Activity – Without including any pictures, write out the listing below exactly.

Given data START

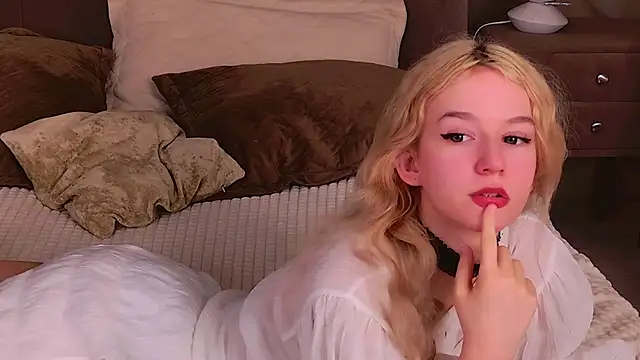 NaomiLoys online show from 03-09-25, 03:43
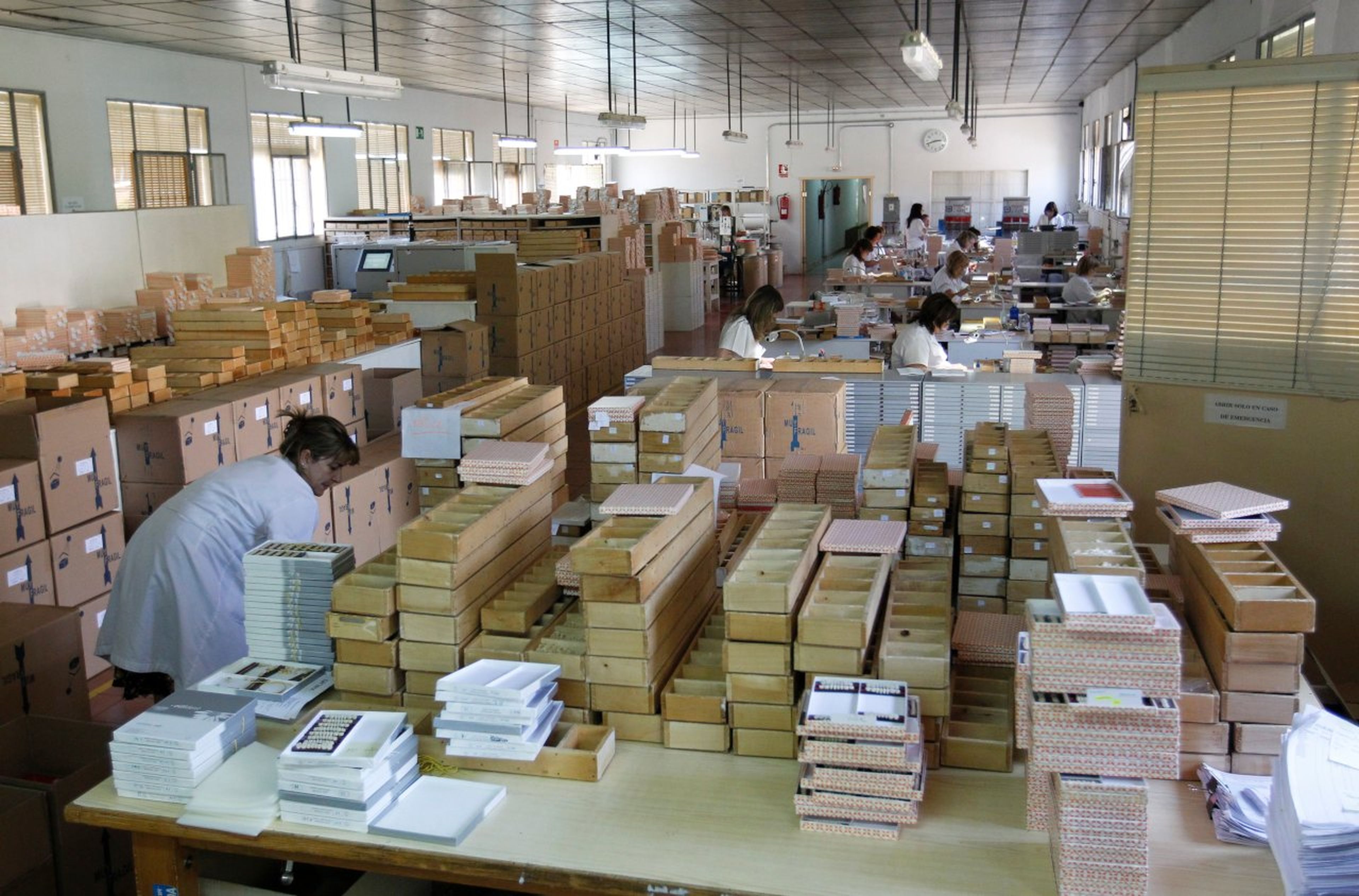 Un grupo de trabajadores prepara envíos de paquetería en una empresa madrileña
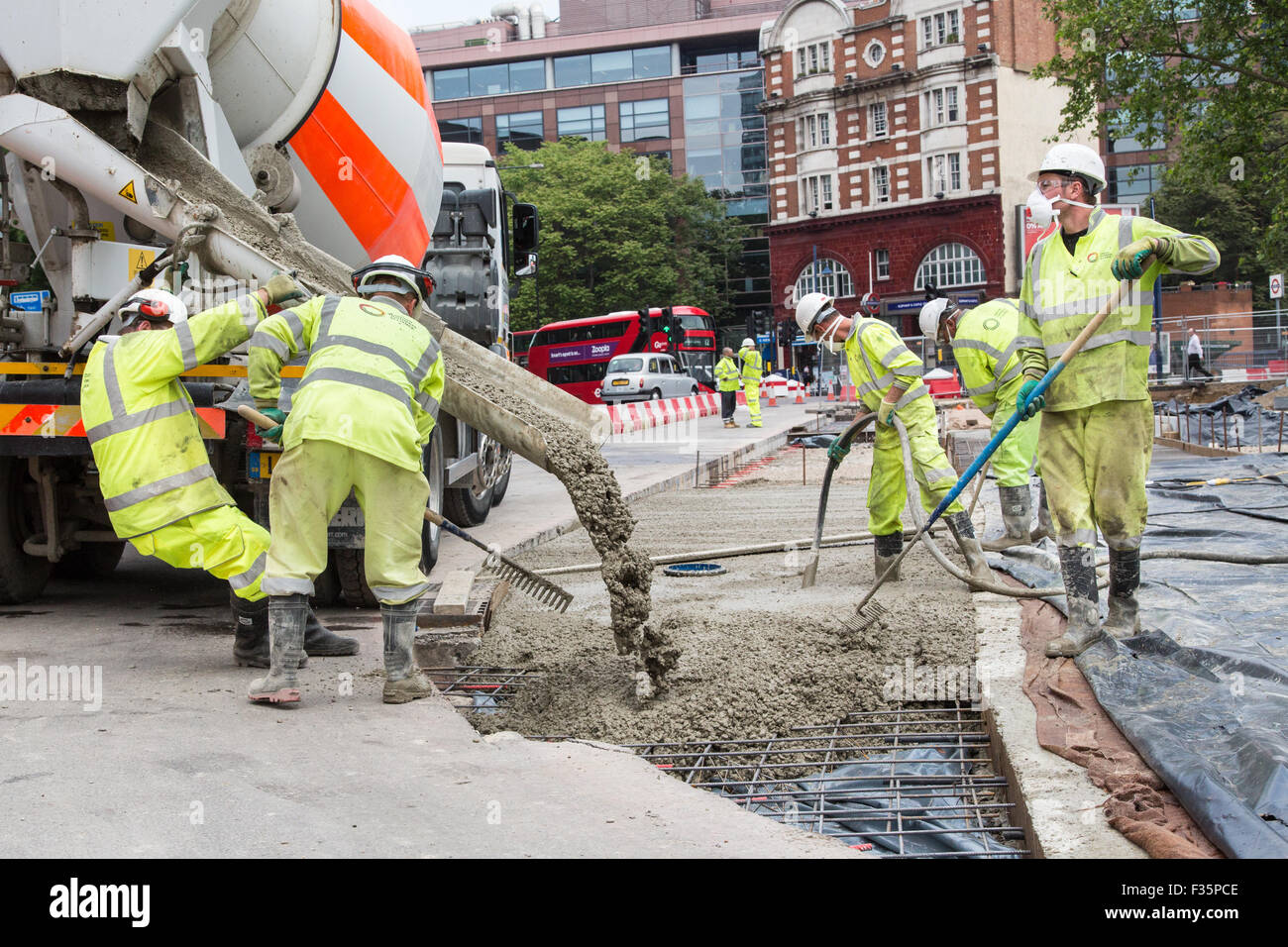 Les travailleurs commencent à moderniser le rond-point du nord à Elephant & Castle, Londres. Banque D'Images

Given data END

The answer –
 NaomiLoys online show from 03-09-25, 03:43
 Un grupo de trabajadores prepara envíos de paquetería en una empresa madrileña
 Les travailleurs commencent à moderniser le rond-point du nord à Elephant & Castle, Londres. Banque D'Images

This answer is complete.